Bitcoin has been hovering around $19,000 to $21,000 over the past four weeks, less than a third of its $69,000 peak in 2021.

"There is a saying in crypto markets - diamond hands. You've not really lost the money, if you've not pulled out.

There may be a day it might come back up," said Neo, the online alias of a 26-year old graphic designer at a fintech company in Bangalore.

As the crypto bear market enters its eighth month, his crypto portfolio was down by 70% - though he said it was money he was "okay with losing". He does not intend to sell, holding out for a possible rebound in the coming years.

Like Neo, most HODLer portfolios are under water, yet many are refusing to bail.

Some 55% of US-based crypto retail investors held their investments in response to the recent selloff, while around 16% of investors globally increased their crypto exposure in June, according a survey of retail investors by eToro.

"Crypto is an asset class disproportionately held by younger investors who are more risk tolerant since they have, say, 30 more years to earn it all back," said Ben Laidler, eToro's global markets strategist.

Miners' pains

Another class of staunch crypto HODLers - bitcoin miners - is increasingly under pressure as they face the double whammy of cratering prices and high electricity costs.

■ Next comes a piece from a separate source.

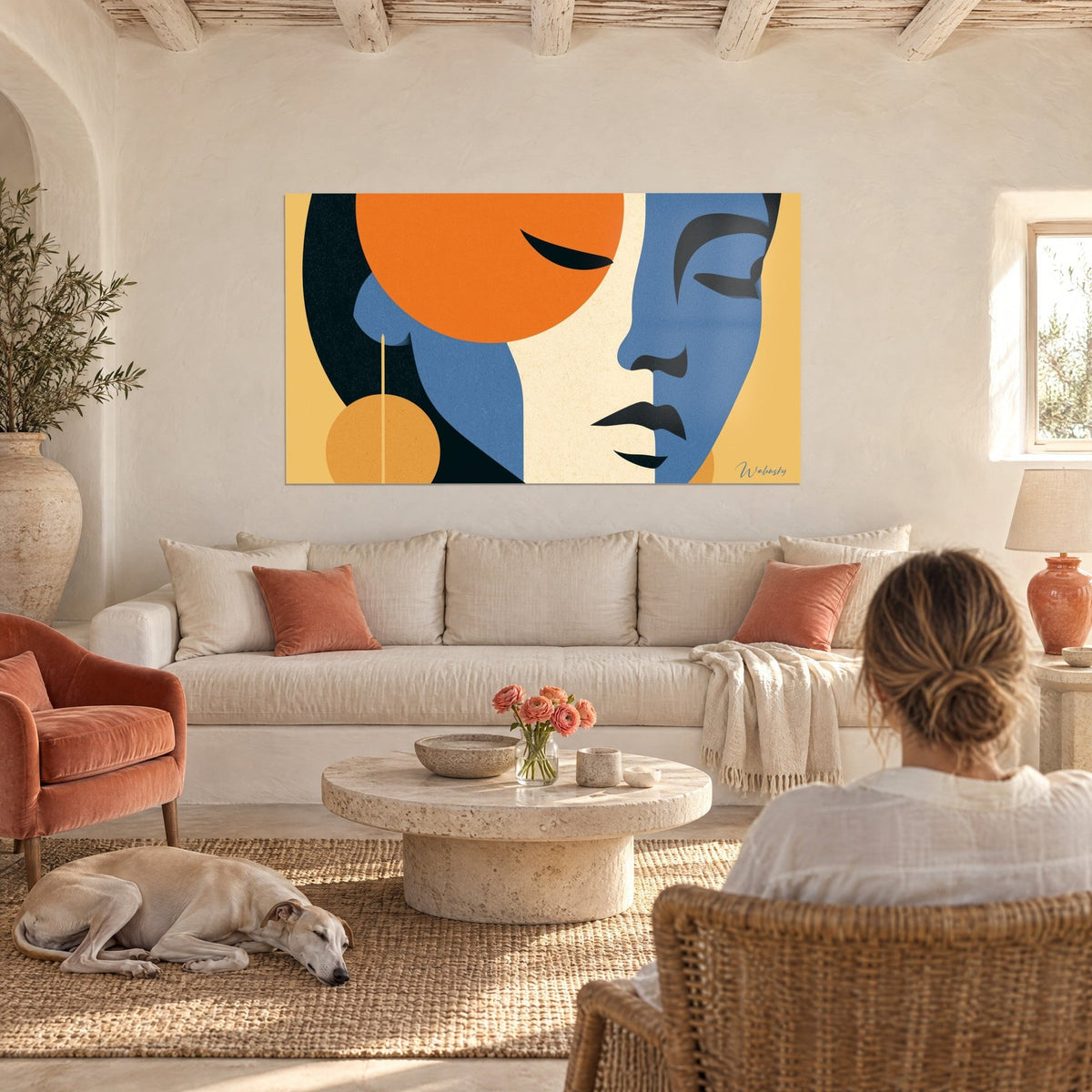 Quadro volto geometrico in blu e arancione, sole tondo e orecchino ocra, sopra un divano in un soggiorno luminoso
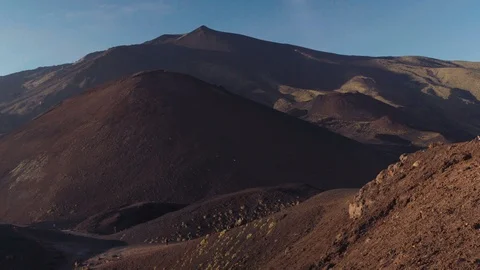 A slow pan over the Mount Etna, revealing a foot path Stock Footage 88560384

The cost of mining a bitcoin is higher than the digital assets' price for some miners, Citi analyst Joseph Ayoub said.

The unfavorable environment for many of these miners, who have loans against their mining systems, has forced them to pull from their stash.

Core Scientific sold 7,202 bitcoin last month to pay for its mining rigs and fund operations, bringing its total holdings down to 1,959 bitcoin.

While Marathon Digital Holdings said it had not sold any bitcoin since October 2020, the firm said it may sell a portion of its monthly production to cover costs.

The Valkyrie bitcoin miners ETF slumped 65% last quarter, outpacing bitcoin's 56% fall.

Lessons from the crypto winter in 2018 were that the miners who survived were the ones that kept producing even if they were under water.

That approach is unlikely to work this time round though, said Chris Bae, CEO of Enhanced Digital Group, which designs hedging strategies for crypto miners.

For the bosses of mining firms', Bae added, the focus is now on the "need to think through the next crypto winter and have that game plan before it happens rather than during it."